## Requirement
Take the lines from the beginning of the material through the line containing "Shein M Kleid" and retype them exactly, leaving the pictures out.

## Collected data
____________

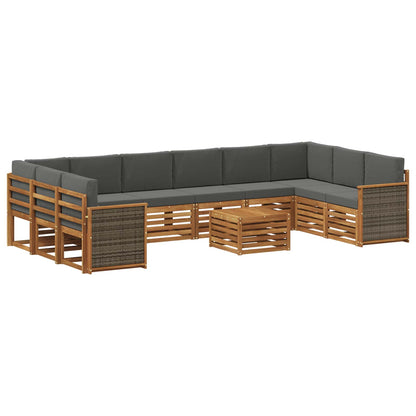 Set di divani da esterno con cuscino 8 pcs Naturale e Antracite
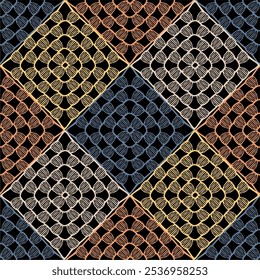 Pattern with crochet granny square with flowers wallpaper handmade decorative art design print	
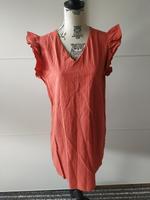Shein M Kleid Midi koralle rot Rüschen Volant Baumwolle kurzarm Bayern - Hallstadt Vorschau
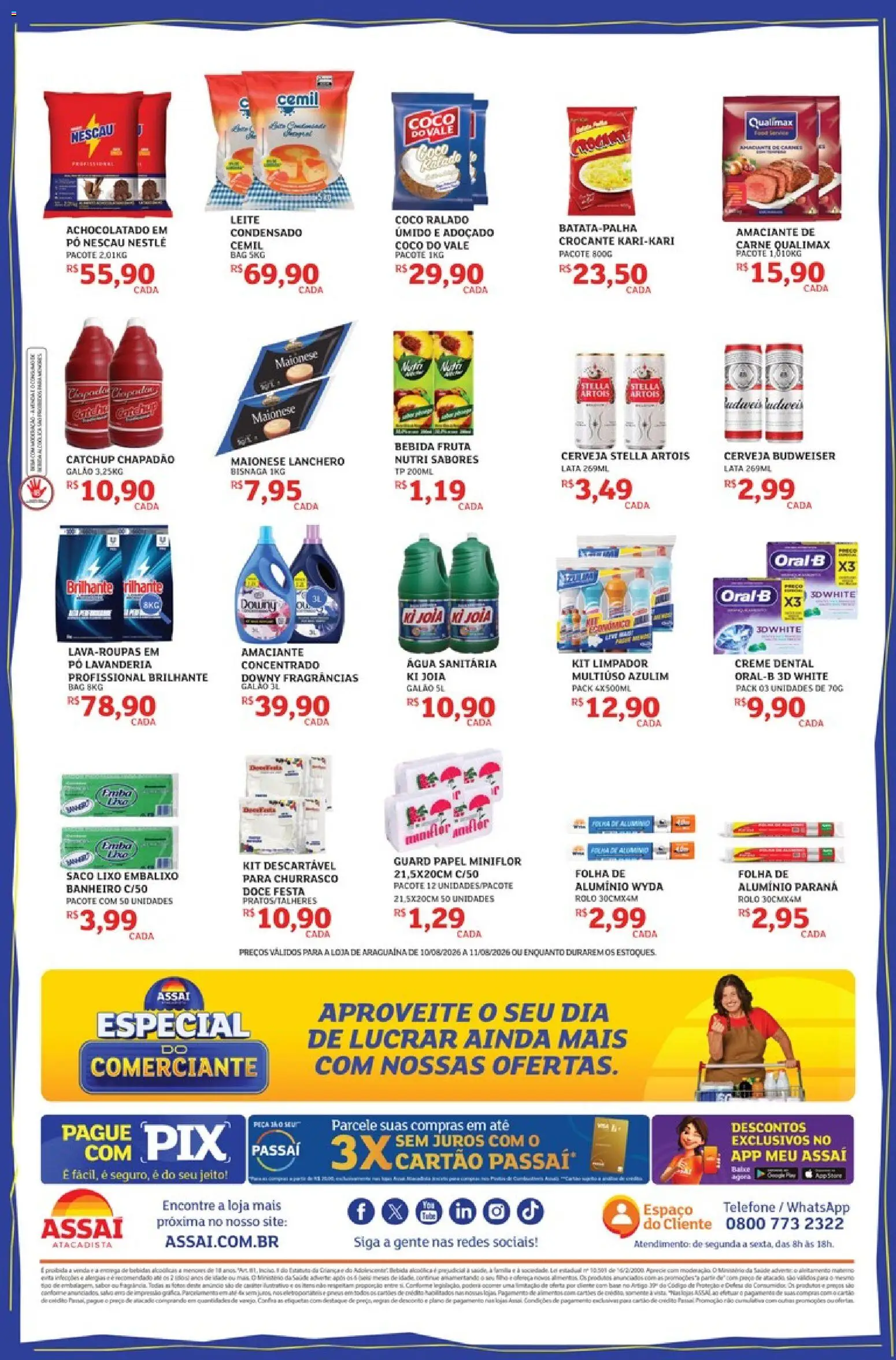 Assaí Atacadista Folheto - válido de 10/08/2026 | Página: 2 | Produtos: Rolo, Leite, Cerveja, Bebida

____________

## Result of this exercise
 Set di divani da esterno con cuscino 8 pcs Naturale e Antracite
 Pattern with crochet granny square with flowers wallpaper handmade decorative art design print	
Shein M Kleid Midi koralle rot Rüschen Volant Baumwolle kurzarm Bayern - Hallstadt Vorschau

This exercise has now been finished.